I am in the unenviable position of having to debug code that was written by someone 10+ years ago who no longer works at the company.
The premise is fairly simple: this is a Windows based test tool that is intended to communicate with an external device that our company builds. The communication is over RS-232 using a Windows COM port via a USB-to-Serial converter. The communication is a simple request/response scheme. The program runs a continuous loop of successive WriteFile() and ReadFile() calls to communicate with the external device. WriteFile to send a command, followed by ReadFile to read the response.
All works well initially, but after some period of time (roughly 10 minutes - although I haven't confirmed that it's always consistent), the ReadFile call stops working - as in, it times out and returns 0 characters every single time after the initial failure. Since I have the ability to debug the external device simultaneously, obviously the first thing I did was to check if the failure was there, but I have confirmed that even after the ReadFile call stops working, the external device still correctly receives the commands sent via the WriteFile call and responds on the same COM port.
// Flush buffer
PurgeComm(hComm, PURGE_RXABORT|PURGE_RXCLEAR|PURGE_TXABORT|PURGE_TXCLEAR);
// Send command
WriteFile(hComm, dataOut_ptr, write_size, &dwBytesWritten, NULL);
//...
// Read Response
ReadFile(hComm, dataIn_ptr, read_size, &dwBytesRead, NULL);
//This sequence works for a while
//At a certain point, the ReadFile call times out and dwBytesRead is 0
//After that point, every call to ReadFile times out in the same way
//WriteFile still works fine and I know that the external device is still responding on the same UART channel
If I close and re-open the COM port after the timeout as shown below, nothing changes.

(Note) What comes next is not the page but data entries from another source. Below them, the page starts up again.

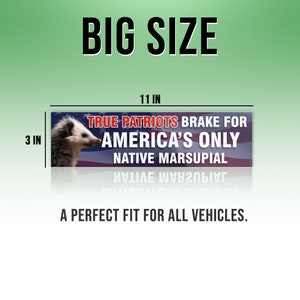 Op de afbeelding: Een bumper sticker met een opossum op een Amerikaanse vlag achtergrond. De tekst luidt "True Patriots Brake for America's Only Native Marsupial". De sticker is 11 inch lang en 3 inch breed.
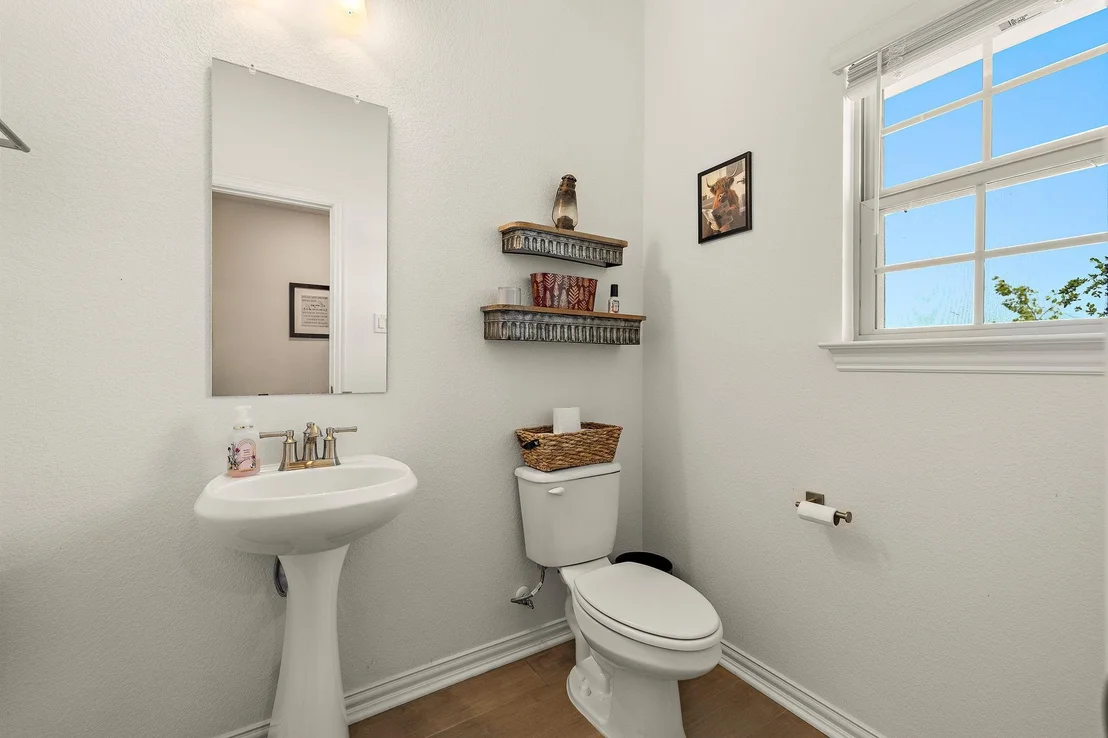 Photo of 100 Windgate DR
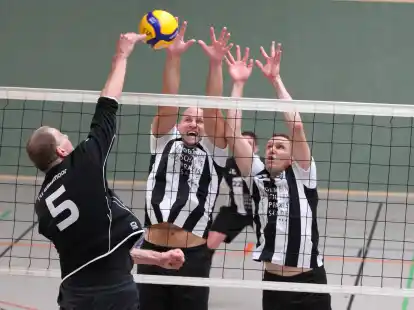 Die VTB-M&auml;nner (schwarz-wei&szlig; gestreifte Trikots) steigen wieder zum Block hoch.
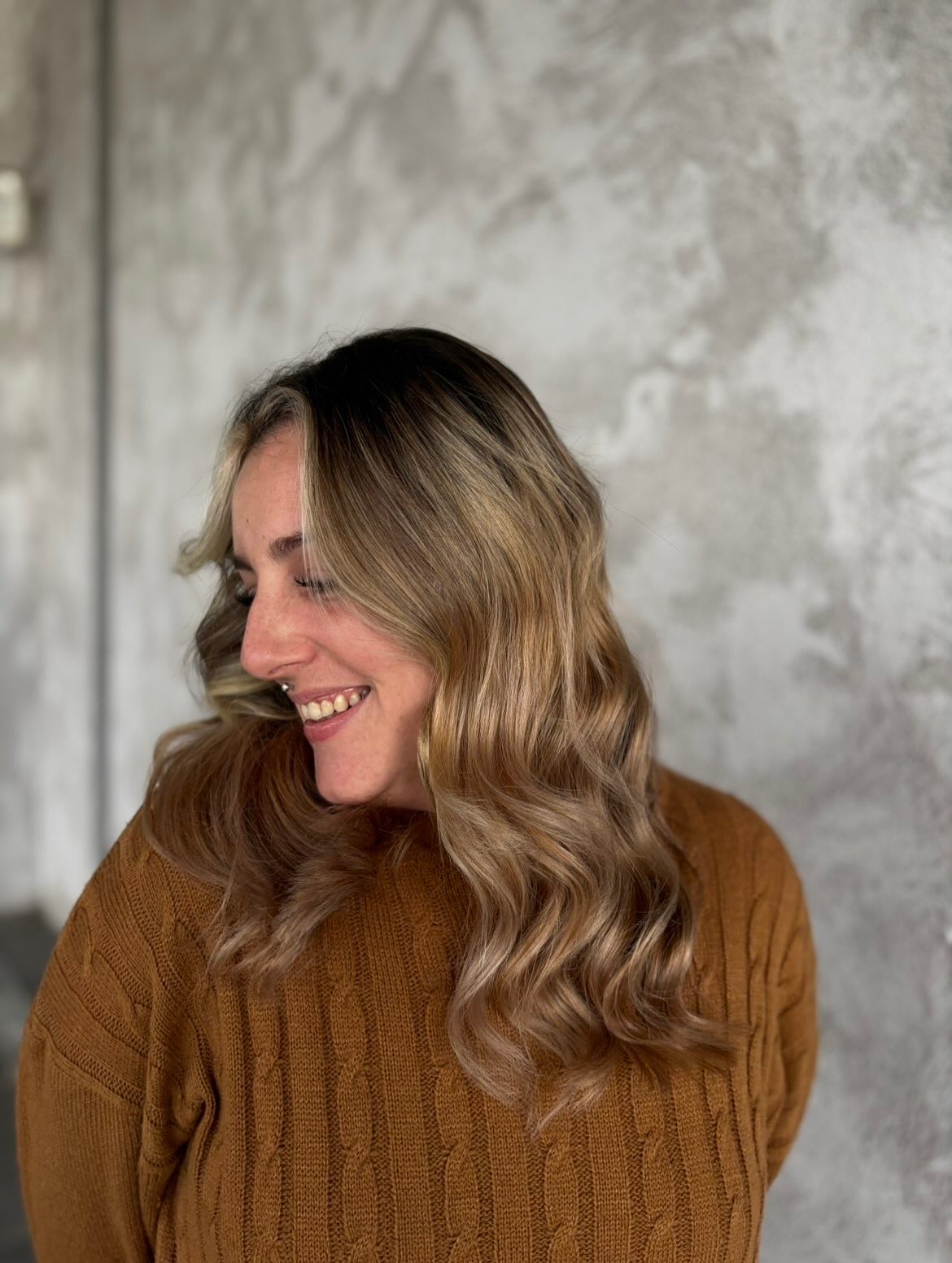 Gölgeli Köklere Sahip Yumuşak Sarı Dalgalar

//This is the code inside the COM close function
PurgeComm(hComm, PURGE_RXABORT);
CloseHandle(hComm);
//...
//This is the COM open code that gets called in a separate function:
hComm = CreateFile( name,
GENERIC_READ | GENERIC_WRITE,
0,
0,
OPEN_EXISTING,
0,
0);
GetCommTimeouts(hComm,&ctmoOld);
ctmoNew.ReadTotalTimeoutConstant = 200;
ctmoNew.ReadTotalTimeoutMultiplier = 0;
ctmoNew.WriteTotalTimeoutMultiplier = 0;
ctmoNew.WriteTotalTimeoutConstant = 0;
SetCommTimeouts(hComm, &ctmoNew);
dcbCommPort.DCBlength = sizeof(DCB);
GetCommState(hComm, &dcbCommPort);
BuildCommDCB("9600,O,8,1", &dcbCommPort);
SetCommState(hComm, &dcbCommPort);
However, if I set a break-point on the external device just before it responds, close the test program and open the COM port in a serial terminal like RealTerm then let the external device proceed, the data comes in fine. At the same time, if I kill and restart the test program entirely, it will also work again for a period of time before again experiencing the same timeout issue.
I have tried playing with the Rx timeout, as well as inserting an additional delay between the WriteFile and ReadFile calls with no success.
I don't get it. Based on this behaviour I don't suspect the Windows USB-to-Serial driver that's being used and feel like there is something going wrong specifically with the use of ReadFile in the test program.
Is there a possibility that the buffer is not being flushed properly and simply stops working because it overflows? Are there known issues with the ReadFile or PurgeComm functions on Windows 10? This is a legacy program that normally runs on a Windows XP machine without issue. I'm having to run it on Windows 10 because I'm using it to test an upgrade of the external device and that's the PC I have.
Edit: To clarify, the "failed" call to ReadFile still returns 1 (so calling GetLastError() is not relevant here), just the number of characters read is 0
Edit 2: Some more details about the communication being attempted...
The Purge-WriteFile-ReadFile sequence alternates between 2 types of commands (same sequence for both commands):
a 'write' command, in which a 134 byte packet (128 byte payload + 6 bytes overhead) is sent to the external device, to which the device responds with a 4-byte 'ok' or 'not ok' handshake
a 'read' command, which is a 6 byte packet with the ID of the data to be read-back (specifically the data that was just written), to which the device responds with a 130 byte (128 bytes data + 2 bytes overhead) response
The timeout always initially occurs during the 'read' command. So the ReadFile call is expecting a length of 130 bytes. After that, the ReadFile call during the 'write' command (where expected bytes read is 4) also times out.